The Seattle PI also points out how little room for error McKenna has with his needle-threading, in a state where the Republican base, as a percentage of the state’s population, is the smallest of any state not in the Northeast. The numbers are 41% Dem base, 31% swing voters, and 29% GOP base. In case you’re wondering, those numbers are from a Nate Silver post from last week, using Annenberg Election Survey data for every state; if you didn’t see the piece, please go back and take a look, as it’s remarkable even by Nate’s usual high standards. (Crisitunity)
• CA-36: Finally da herb come around: Gov. Jerry Brown announced that the special all-candidate top-two “primary” to fill Jane Harman’s seat will be held on May 17th. If no one can get 50%+1 that day, then the race goes to a run-off between the top two vote-getters-which seems very likely-regardless of party. (So yes, we could have a D vs. D second round.)
• FL-22: Looks like Ron Klein won’t be seeking a rematch against Allen West in 2012: Reid Wilson twitterizes that the former Dem congressman is taking a job with a Florida lobbying firm.

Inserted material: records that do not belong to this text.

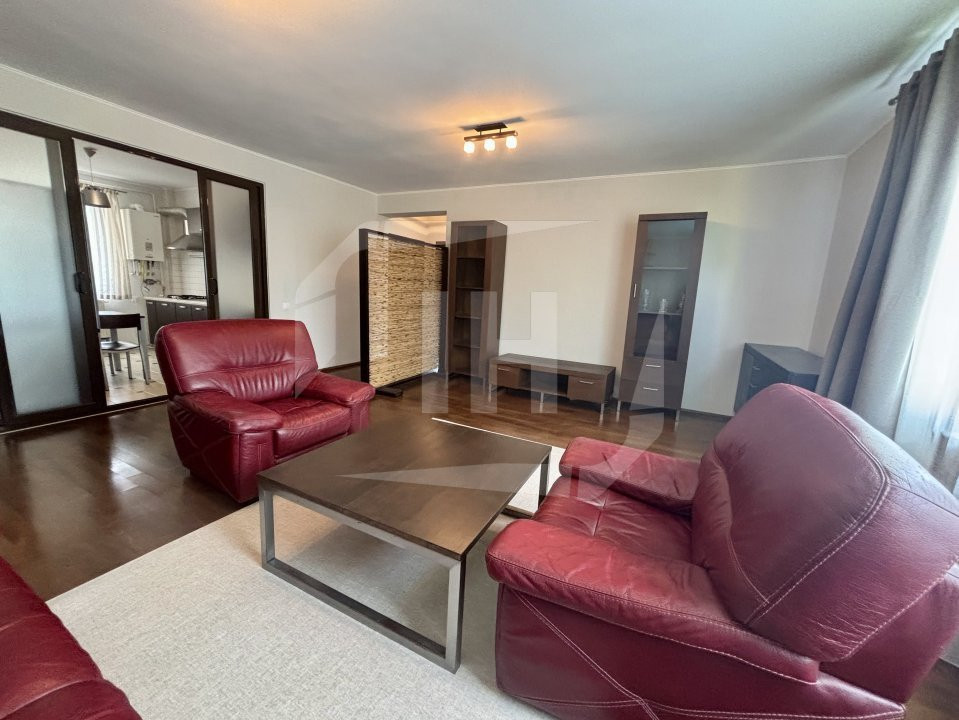Apartament 3 camere, 100mp, garaj, Andrei Muresanu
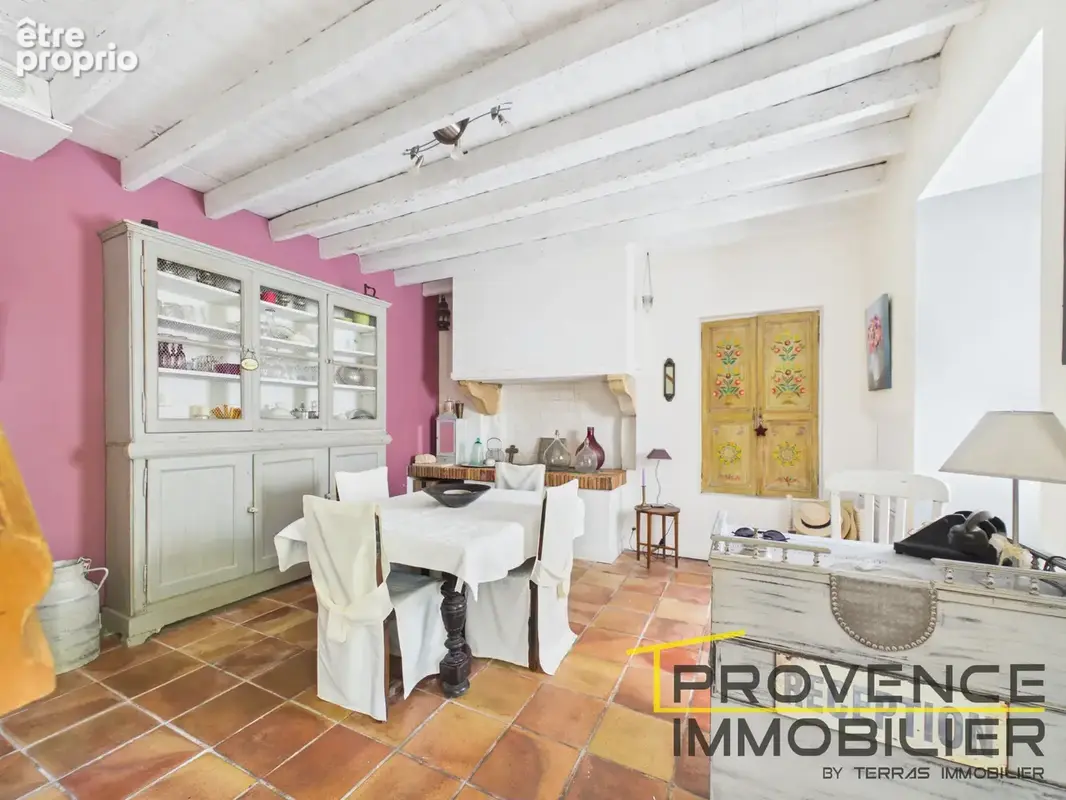 Maison en pierre avec piscine sur plus de 6 000 m2 de terrain avec piscine - Ardèche - photo 4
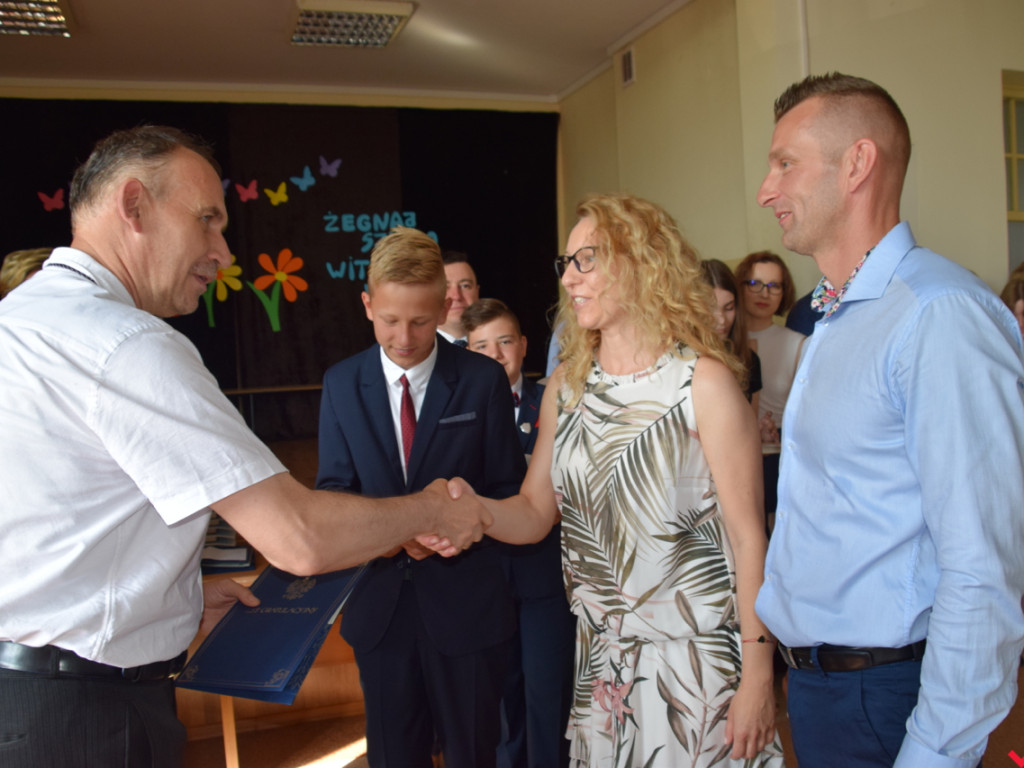Zakończenie roku szkolnego w „jedynce”. Absolwenci ze srebrnymi tarczami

• MO-03: Is there a more talked-about likely redistricting victim than Russ Carnahan? I guess he has a somewhat odd combination of a famous name + junior status, so maybe that explains it. Anyhow, Carnahan says he’s “100% focused” on seeking re-election, regardless of what happens with redistricting, and that he isn’t thinking about a Lt. Gov. run (an idea which came up in the media recently).
• NY-13: We mentioned a very similar story a little while back, but here’s more confirmation that freshman Republican Mike Grimm actually wants to win re-election: He’s calling on his fellows GOPers to support another short-term government funding bill, though he manages to sneak some Pelosi-bashing in there as well. The wingnuts don’t want to play ball because (sayeth The Hill) the continuing resolution “does not contain riders defunding Planned Parenthood and the healthcare reform law.” Gooood luck with that. Anyhow, while I never want to rule anything out, I feel like teabaggers would have a hard time taking Grimm down. Hopefully I’m wrong!
• Wisconsin Recall: Greg Sargent says that the Wisconsin Democratic Party is telling him they’ve collected 45% of the signatures “necessary to hold recall elections.” Greg also notes that only a quarter of the time period for gathering petitions has elapsed. However, I put the exact phrase in quotes because it’s not clear from the piece whether Dems are benchmarking off the legal minimum, or whether they are using a higher target – which you need, because some signatures are invariably going to be found invalid. Still, this sounds like a pretty good pace to me.
Also today, look for full polling results a little later today from Daily Kos in each of the eight GOP-held recall targets.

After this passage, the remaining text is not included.